### AIM OF THE EXERCISE
Repeat everything from the first line of the listing below through the line that contains "Now type bcdedit", exactly. Leave out pictures.

########################################

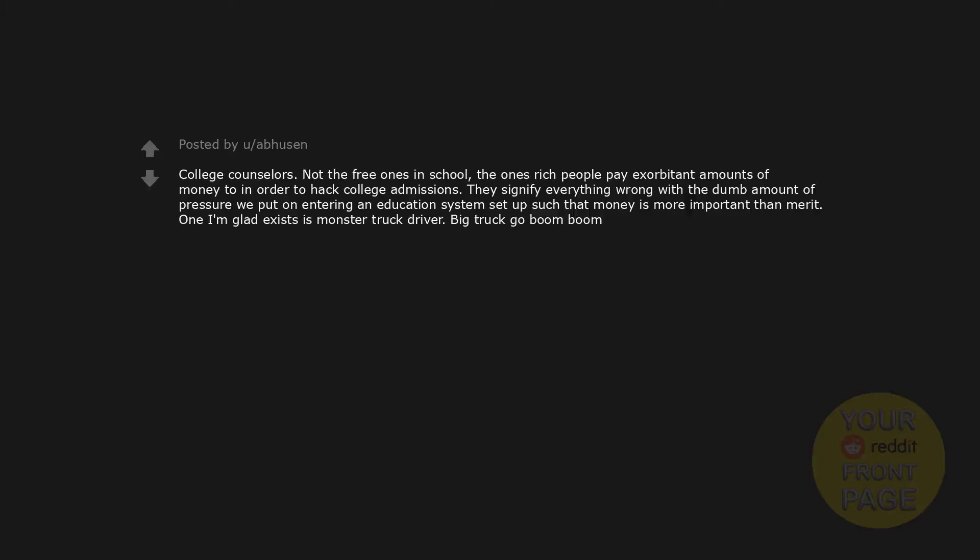College counselors - not the free ones in school, the ones rich people pay exorbitant amounts of money to in order to hack college admissions. They signify everything wrong with the dumb amount of pressure we put on entering an education system set up such that money is more important than merit.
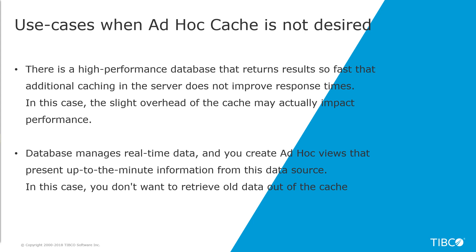Or your database manages real-time data, and you create ad hoc views that present up-to-the-minute information from this data source. In this case, you don't want to retrieve old data out of the cache.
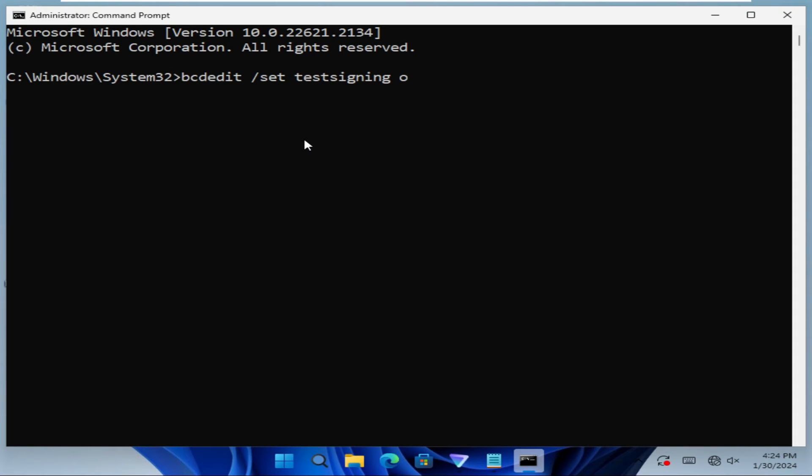Now type bcdedit /set testsigning off. I will give this command in the description so that you can use it from the description.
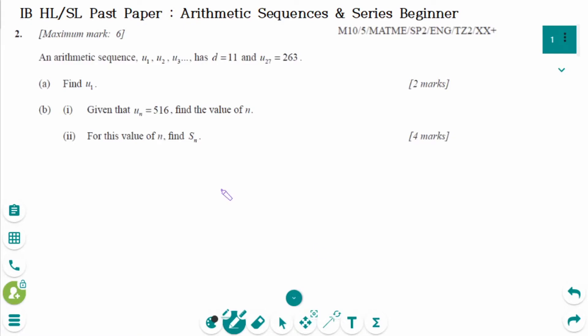This video will cover beginner questions regarding the topic of arithmetic sequences and series. This is the May 2010 SL paper 2 question, number A.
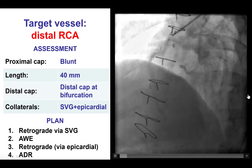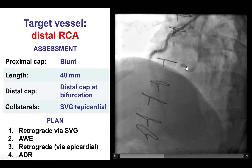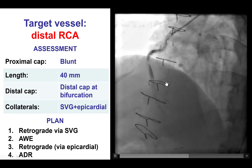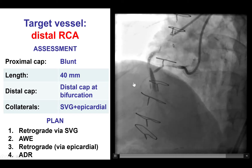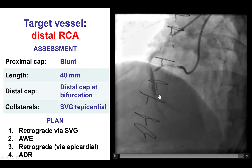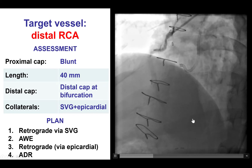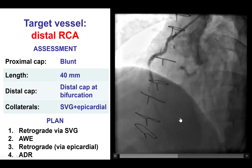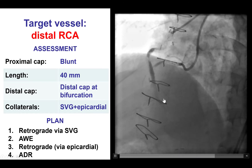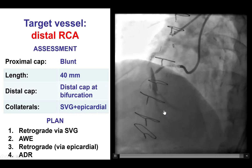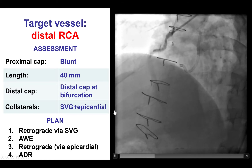We obtained dual arterial access and performed dual injection. That demonstrated that the right had a blunt proximal cap with some ambiguity. There was a length of about 40 mm. The distal cap was at a bifurcation, and the distal vessel was filling by the vein graft. There were also epicardial collaterals from the left coronary system.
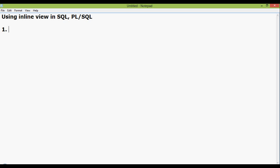The first table is member_master. The second table is withdrawdeposit. And the third table is loansvr.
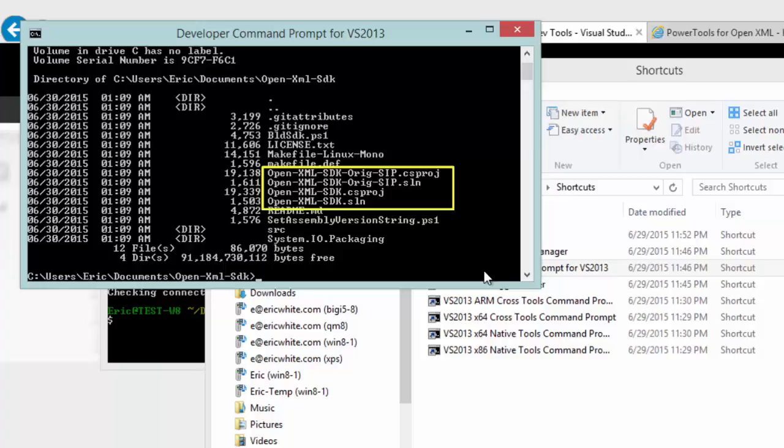First, there is this open-xml-sdk-orig-sip.sln and the sip stands for system.io.packaging. This is the original system.io.packaging that is in the .NET framework. You can continue to build with that version of system.io.packaging if you so require.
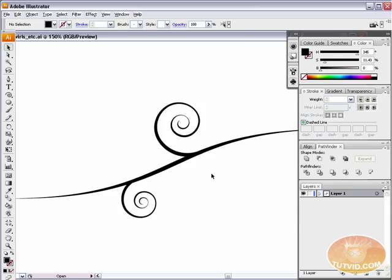Hello and welcome to this video tutorial brought to you by tutvid.com. Today we're going to take a look at creating vector swirls in Adobe Illustrator. I'm using Illustrator CS3, but there's not really any reason why you shouldn't be able to follow this even using CS2, CS, or probably Illustrator 10 as well. You should be able to follow along regardless of what version of Illustrator you have going back several years.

########################################

### OUTPUT FOR THIS TASK
College counselors - not the free ones in school, the ones rich people pay exorbitant amounts of money to in order to hack college admissions. They signify everything wrong with the dumb amount of pressure we put on entering an education system set up such that money is more important than merit.
Or your database manages real-time data, and you create ad hoc views that present up-to-the-minute information from this data source. In this case, you don't want to retrieve old data out of the cache.
Now type bcdedit /set testsigning off. I will give this command in the description so that you can use it from the description.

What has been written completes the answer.